- _GOAL OF THE EXERCISE_: Only these lines are needed: the first line of the entries below through the line with "picture Beautiful plot", each returned exactly.

---- RECORDS SUPPLIED

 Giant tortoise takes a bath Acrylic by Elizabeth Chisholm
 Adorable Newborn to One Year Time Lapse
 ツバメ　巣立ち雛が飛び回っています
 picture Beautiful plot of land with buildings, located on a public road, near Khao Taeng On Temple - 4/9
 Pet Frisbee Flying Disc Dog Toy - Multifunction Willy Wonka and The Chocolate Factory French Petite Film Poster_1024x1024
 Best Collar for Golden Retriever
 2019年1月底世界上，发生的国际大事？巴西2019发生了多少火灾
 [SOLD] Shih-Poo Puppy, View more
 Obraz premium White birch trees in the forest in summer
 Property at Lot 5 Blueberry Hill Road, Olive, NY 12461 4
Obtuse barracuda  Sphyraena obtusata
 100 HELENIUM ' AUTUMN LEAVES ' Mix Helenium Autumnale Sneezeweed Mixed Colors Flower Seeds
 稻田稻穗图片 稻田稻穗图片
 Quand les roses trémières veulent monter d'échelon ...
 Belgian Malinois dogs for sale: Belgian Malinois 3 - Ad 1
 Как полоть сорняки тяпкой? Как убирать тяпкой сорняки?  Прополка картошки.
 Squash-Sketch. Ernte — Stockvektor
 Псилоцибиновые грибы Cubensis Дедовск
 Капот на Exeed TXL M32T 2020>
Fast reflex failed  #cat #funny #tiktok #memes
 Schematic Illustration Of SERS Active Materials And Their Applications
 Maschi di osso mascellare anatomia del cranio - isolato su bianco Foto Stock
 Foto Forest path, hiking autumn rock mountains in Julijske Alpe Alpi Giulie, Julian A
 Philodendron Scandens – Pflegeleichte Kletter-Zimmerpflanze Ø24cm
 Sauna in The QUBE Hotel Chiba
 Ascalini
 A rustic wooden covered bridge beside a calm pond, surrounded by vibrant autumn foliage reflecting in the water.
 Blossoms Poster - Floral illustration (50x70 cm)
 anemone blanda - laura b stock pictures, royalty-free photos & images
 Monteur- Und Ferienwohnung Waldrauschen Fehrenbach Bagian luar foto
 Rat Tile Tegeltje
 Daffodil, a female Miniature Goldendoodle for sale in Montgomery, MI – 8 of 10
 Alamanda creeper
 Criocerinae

--------

- _EXPECTED ANSWER_:
 Giant tortoise takes a bath Acrylic by Elizabeth Chisholm
 Adorable Newborn to One Year Time Lapse
 ツバメ　巣立ち雛が飛び回っています
 picture Beautiful plot of land with buildings, located on a public road, near Khao Taeng On Temple - 4/9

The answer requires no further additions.